Вот не знал, что в здешних водах завелись и такие звери! Кстати, направлялись они к моему бастиону – зачем?
– Дворецкий, – окликнул я, – доложись!
– В течение дня происшествий не зафиксировано, – немедленно забубнил он. – Посторонние на территории не замечены.
– А это, – кивнул я на экран, – твои кореша, что ли?
– О машинах, следующих по магистрали, тоже докладывать? – осведомился он словно бы с ехидцей. – Их видно с верхней камеры.
Я в самом деле установил на крыше электронный глаз, но сообщать Дворецкий должен лишь об авто, съезжающих на мое ответвление. А если попробуют взобраться сюда по скале, он тоже примет меры.
– У подножия никто не плескался?
– Я бы заметил, верно? – В его голосе снова почудилась ирония.
Черт, придется и под моей скалой ставить «глазки». И что вынюхивают ухари: не озерный ли сток? Конечно, там решетка, однако взломать ее…
– Эй, – произнес я вдруг, – а это что?
Почуяв движение, подводные камеры вновь включились, и на экране возникло нечто – огромное, длинное, перемещающееся неуклюжими рывками. На что оно походит, я не понял – во всяком случае не на ком спутанных нитей. Возникло оно сбоку, будто следовало за давно сгинувшими пловцами, а не выбралось из ближних пещер. И вряд ли тут сыщется подходящая по размерам.
– В каталоге не значится, – ответил Дворецкий, словно бы я спрашивал у него, и предложил: – Могу послать запрос в Океан.
– Сделай одолжение, – пробормотал я, спешно регулируя изображение. В инфрасвете очертания исполина проступили четче, но все равно его даже сравнить было не с чем. Он вообще не выглядел живым: какое-то сплетение шипастых стержней, натянутых канатов, пульсирующих мешков. Но на механизм смахивал еще меньше.
– Прикинь расстояние до подъемника и подели на его скорость, – велел я. – Сколько вышло?
– Двадцать три секунды.
Ого! А ведь кажется, чудище не спешит.
– Дай знать, когда время истечет.
Отсчитывая секунды, я помчался через темные комнаты, по пути заскочив за гранатометом. Если повезет, состоится такая охота!.. Варварство, конечно, но сия зверюга явно не из травоядов.

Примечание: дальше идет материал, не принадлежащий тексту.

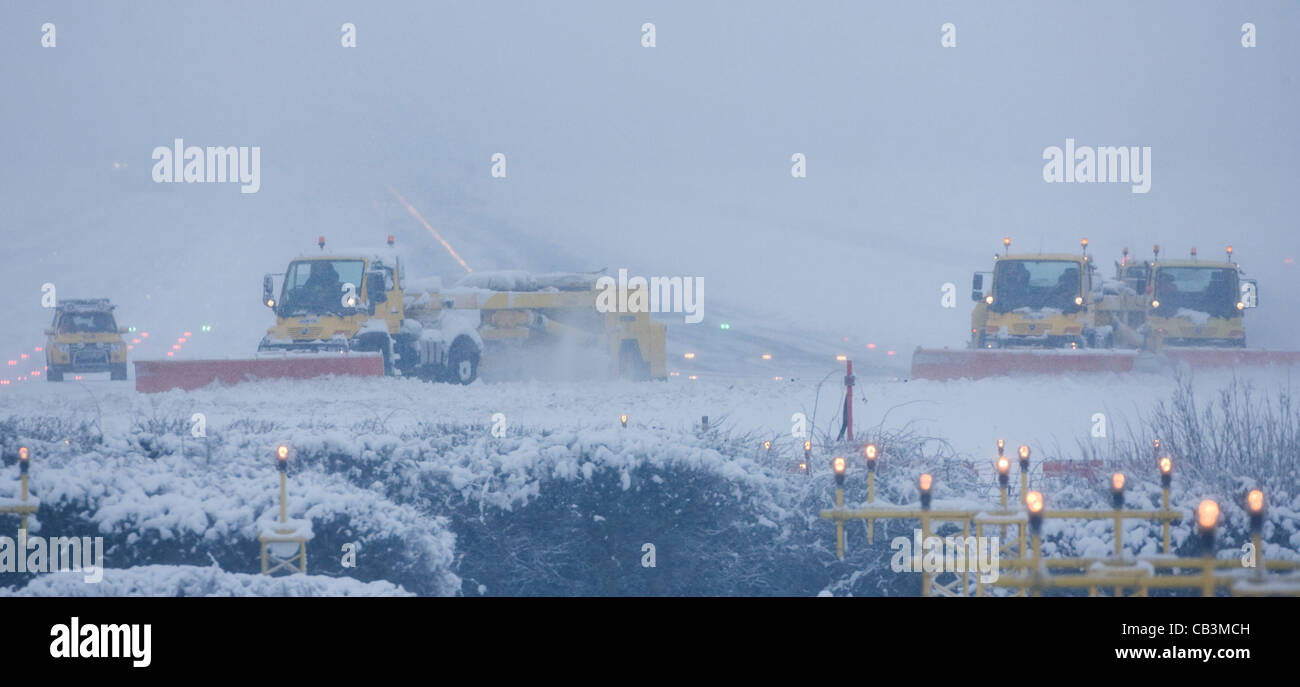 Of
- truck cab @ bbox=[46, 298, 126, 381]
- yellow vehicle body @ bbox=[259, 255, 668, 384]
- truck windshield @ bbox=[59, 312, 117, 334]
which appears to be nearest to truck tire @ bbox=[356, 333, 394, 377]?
yellow vehicle body @ bbox=[259, 255, 668, 384]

Обогнув бассейн, я подбежал к краю обрыва, нацелил вниз выключенный прожектор. И почти сразу Дворецкий объявил:
– Время!
Пронзительный луч ударил в воду, высветив ее до придонных валунов. До последнего мига я не верил в удачу, но расчет оказался идеален – чудище возникло подо мной, как на ладони. На секунду оно застыло, словно бы в ослеплении, а я уж подбрасывал к плечу гранатомет, наводя на цель. Оставалось спустить курок, но палец точно окаменел. Или я плохо ему скомандовал. Ну давай, охотничек! Что могло разладиться в тебе?
Пока я разбирался с собой, в воде и впрямь будто шарахнул взрыв, взметнув брызги к самому прожектору. Непроизвольно я отпрянул, и, возможно, это меня спасло, потому что в следующий миг снизу вырвалась струя пламени, в слепящем сиянии которого померк прожекторный луч, шибанула по прибору. И теперь взорвался уже он, разметав пылающие брызги.

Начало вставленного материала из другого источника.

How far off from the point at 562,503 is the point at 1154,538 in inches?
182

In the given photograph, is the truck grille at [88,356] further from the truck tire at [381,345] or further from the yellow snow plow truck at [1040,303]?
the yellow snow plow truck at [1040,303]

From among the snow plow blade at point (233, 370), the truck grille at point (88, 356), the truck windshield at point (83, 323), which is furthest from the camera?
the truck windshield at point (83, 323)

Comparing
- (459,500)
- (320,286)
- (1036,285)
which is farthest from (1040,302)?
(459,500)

Ударной волной меня швырнуло в бассейн, и только это уберегло от ожогов. Благоразумно переждав в глубине, пока над поверхностью отбушуют багряные всполохи, я вынырнул, отплевываясь, – уже в кромешной тьме. Действительно, мне сегодня везет. Как утопленнику.
От злополучного прожектора остался обгорелый остов, а замечательные линзы стекли по опоре, застыв в безобразную блямбу, еще испускавшую розовое свечение. Внизу было тихо, но теперь мне и вовсе расхотелось долбать туда из гранатомета. Пожалуй, с охотой я погорячился: добыча-то не по моим зубам. Тут требуется ракетная установка, не меньше, и еще надо успеть садануть первым. Но как интересно жить стало, а? Что ни ночь, новые радости!

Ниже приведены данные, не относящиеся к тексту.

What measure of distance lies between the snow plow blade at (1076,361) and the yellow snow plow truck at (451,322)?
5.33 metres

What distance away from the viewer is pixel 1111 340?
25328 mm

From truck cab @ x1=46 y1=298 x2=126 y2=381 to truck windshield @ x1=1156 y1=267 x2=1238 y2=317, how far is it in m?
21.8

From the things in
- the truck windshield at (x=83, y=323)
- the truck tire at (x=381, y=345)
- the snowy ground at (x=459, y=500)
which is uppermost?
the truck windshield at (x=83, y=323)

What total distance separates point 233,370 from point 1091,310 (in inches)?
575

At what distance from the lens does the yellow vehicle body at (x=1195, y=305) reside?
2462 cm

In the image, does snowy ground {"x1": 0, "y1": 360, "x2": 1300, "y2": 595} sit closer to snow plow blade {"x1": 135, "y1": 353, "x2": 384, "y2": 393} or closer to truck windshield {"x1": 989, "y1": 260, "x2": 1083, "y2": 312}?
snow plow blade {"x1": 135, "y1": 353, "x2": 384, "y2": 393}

У входа в дом меня поджидал Хан со своим наездником. Обзор отсюда открывался отличный, и поглазеть им было на что: не каждый день хозяин валяет такого дурака. То есть валяют как раз хозяина, а уж кто тут дурак…
– А если б я пошел ко дну, – спросил я, стряхивая с себя воду, – ты сиганул бы в бассейн вместе с малявкой? Или его бы поберег?
Впрочем, у Хана хватило бы ума стряхнуть с себя котяру, а уж потом заняться моим спасением. Он всегда отличался рационализмом.
Сопровождаемый личным зверинцем, я вернулся в кабинет, снова подсел к экрану. К счастью, наскальная камера не пострадала и в лучшем виде продемонстрировала, как раздраженная светом громадина плюнула в меня струёй плазмы, а затем продолжила путь, видимо, вполне удовлетворенная. С чем и поздравляю всех нас – уж это ни в какие ворота!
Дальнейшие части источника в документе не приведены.